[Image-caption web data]
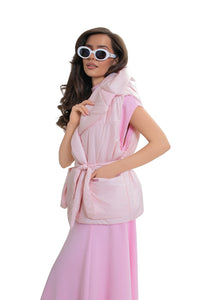 Women's quilted vest with hood and belt. Pink color.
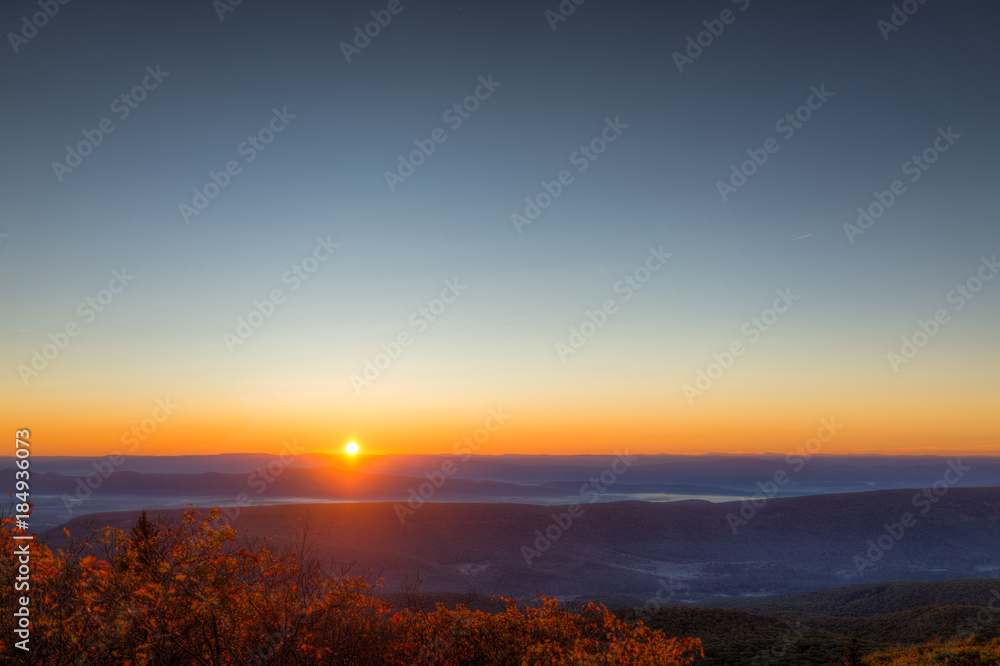 Fototapeta premium Morning dark sunrise with sky and golden yellow orange autumn foliage in Dolly Sods, Bear Rocks, West Virginia with overlook of mountain valley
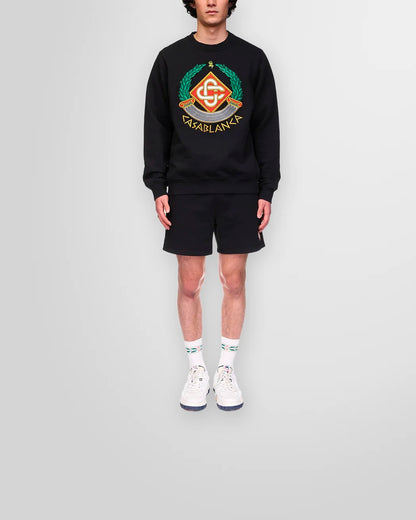 Lifestyle image of the Casa Crest Sweatshirt paired with black cotton shorts.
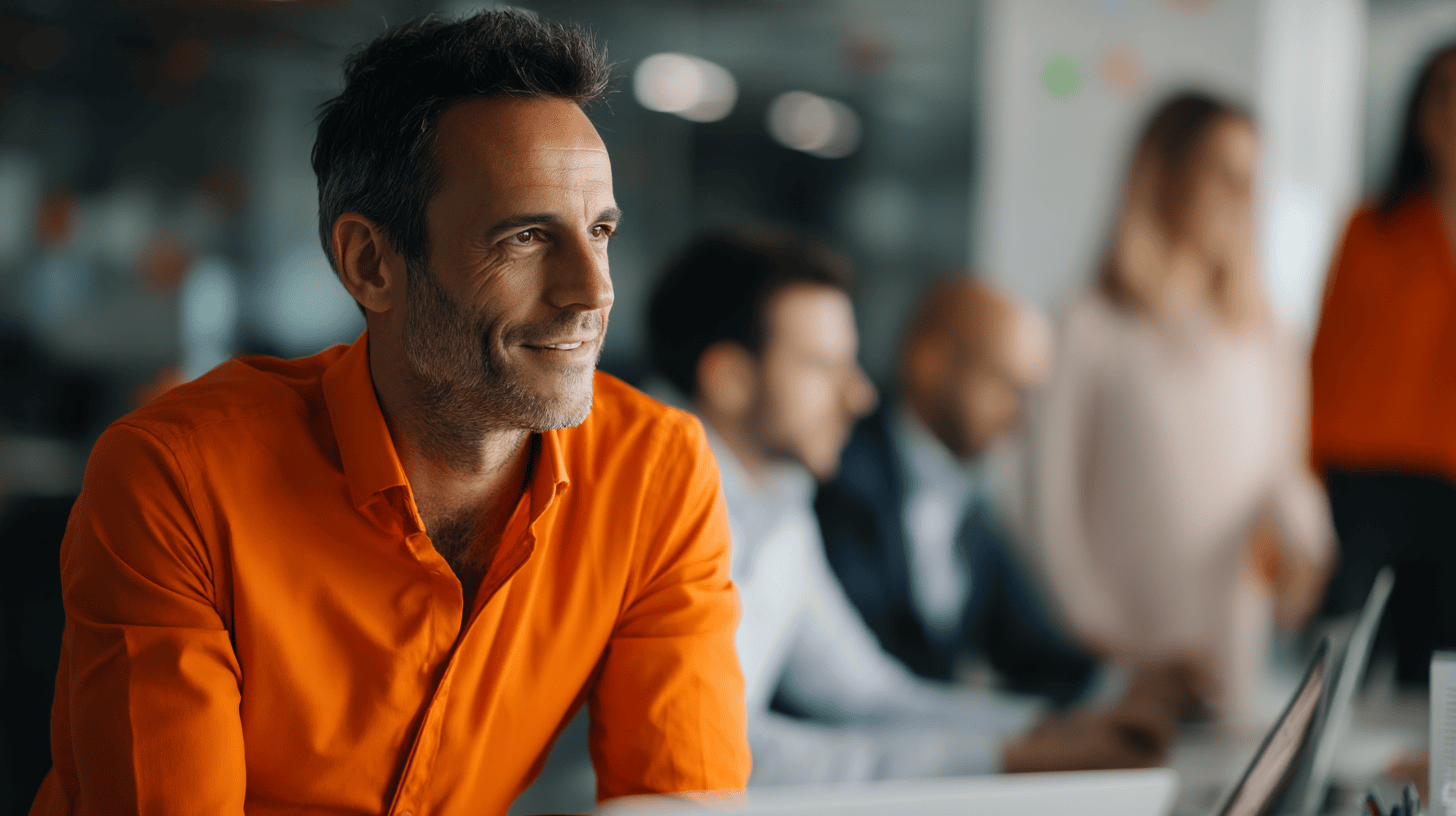 A man in an orange shirt smiles, seated at a table with blurred colleagues working on laptops in an office setting.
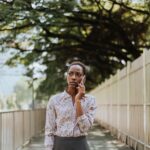 Young woman walking in an urban area while making a phone call looking focused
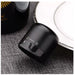 A close-up of a small matte black cylindrical electronic device with white control icons, resting on a textured gray surface next to a white plate.
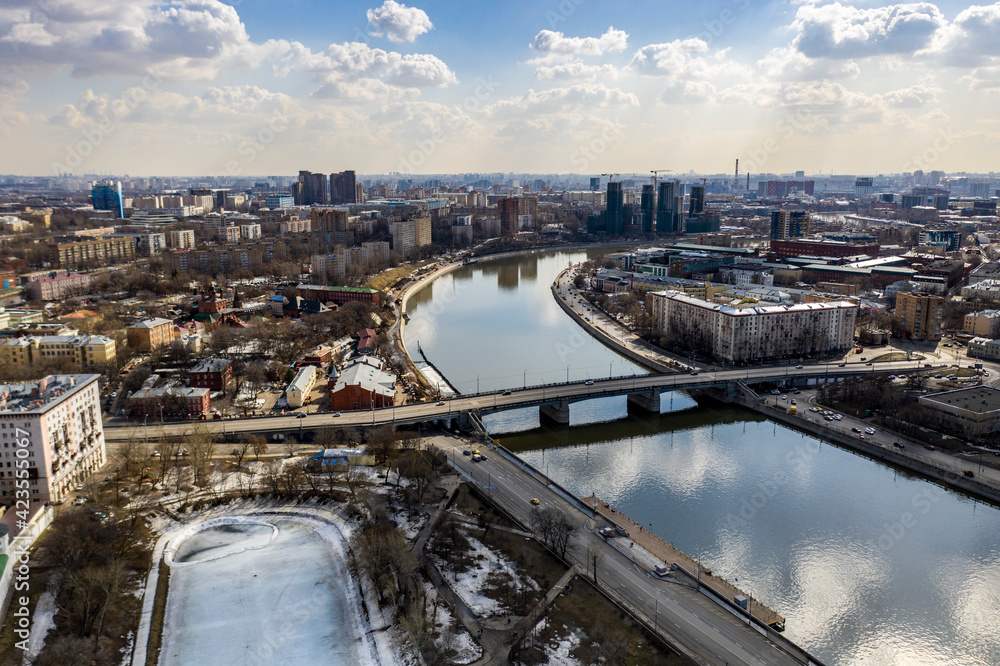 panoramic view from drone on cityscape with river and bridges 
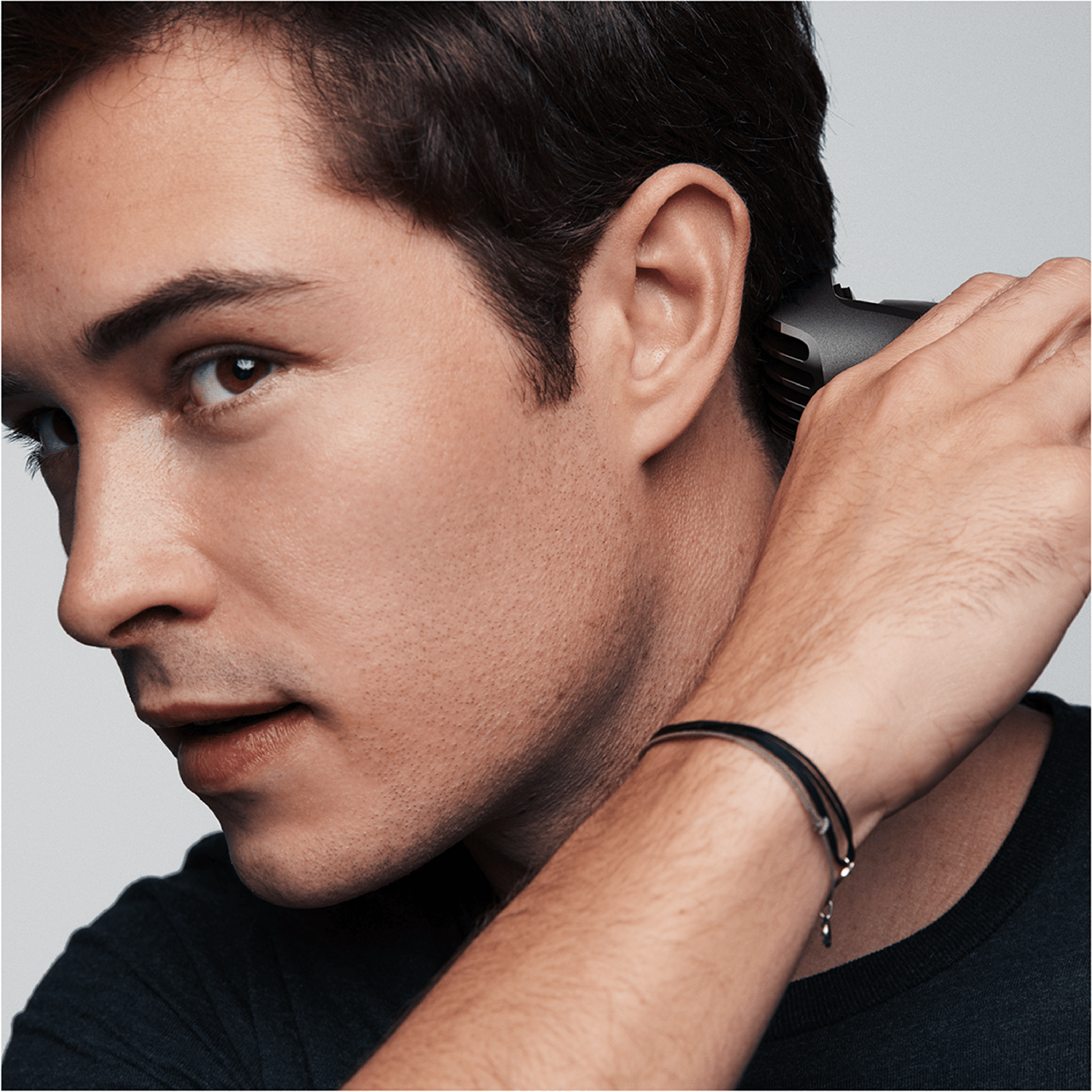 Man shaving his neck with a black trimmer. Close-up profile shot. Dark hair and bracelet.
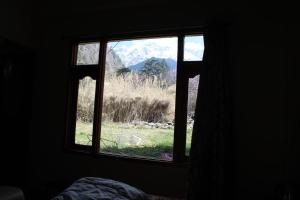 a window in a bedroom with a view of a mountain at K For Kasol in Kasol
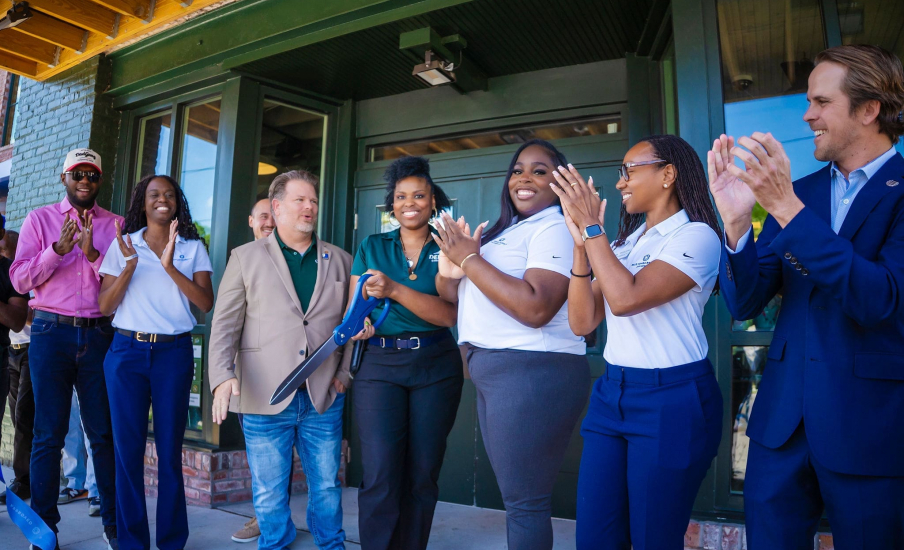 Ribbon cutting event in front of a green door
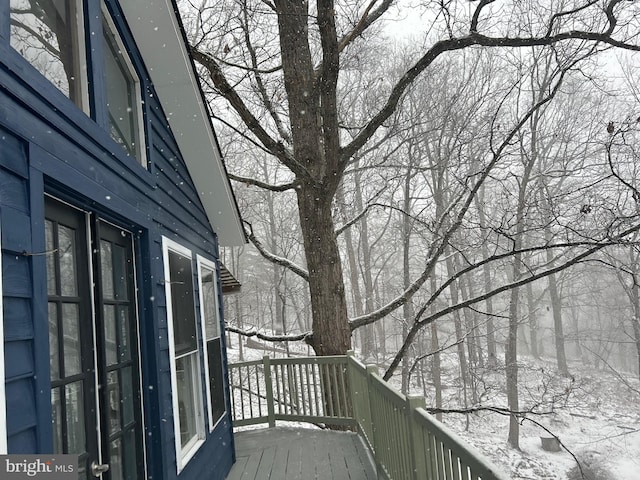 view of snow covered deck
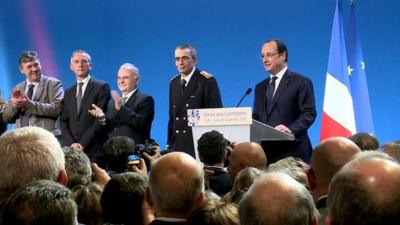 President Hollande (far right) in Tulle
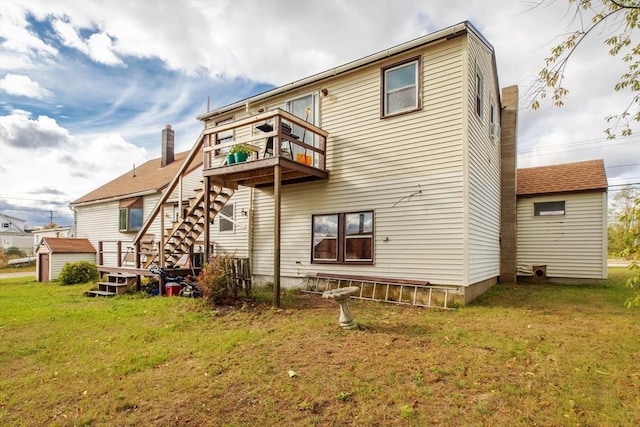 rear view of property with a lawn, a wooden deck, and stairs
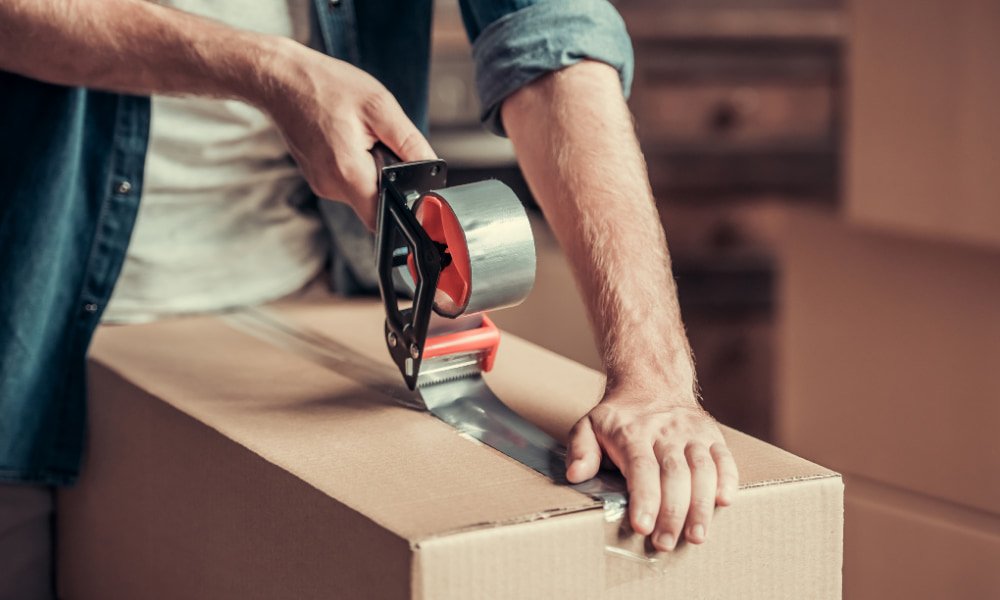 Person packing a box Moving to D.C.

→ What you are asked to do: Beginning with the line that contains "A man in an" in the data above, please copy each line exactly until the last line, both ends included, skipping any pictures.

→ Answer for the task:
 A man in an orange shirt smiles, seated at a table with blurred colleagues working on laptops in an office setting.
 Young woman walking in an urban area while making a phone call looking focused
 A close-up of a small matte black cylindrical electronic device with white control icons, resting on a textured gray surface next to a white plate.
 panoramic view from drone on cityscape with river and bridges 
 Man shaving his neck with a black trimmer. Close-up profile shot. Dark hair and bracelet.
 a window in a bedroom with a view of a mountain at K For Kasol in Kasol
 Ribbon cutting event in front of a green door
 view of snow covered deck
 President Hollande (far right) in Tulle
 rear view of property with a lawn, a wooden deck, and stairs
 Person packing a box Moving to D.C.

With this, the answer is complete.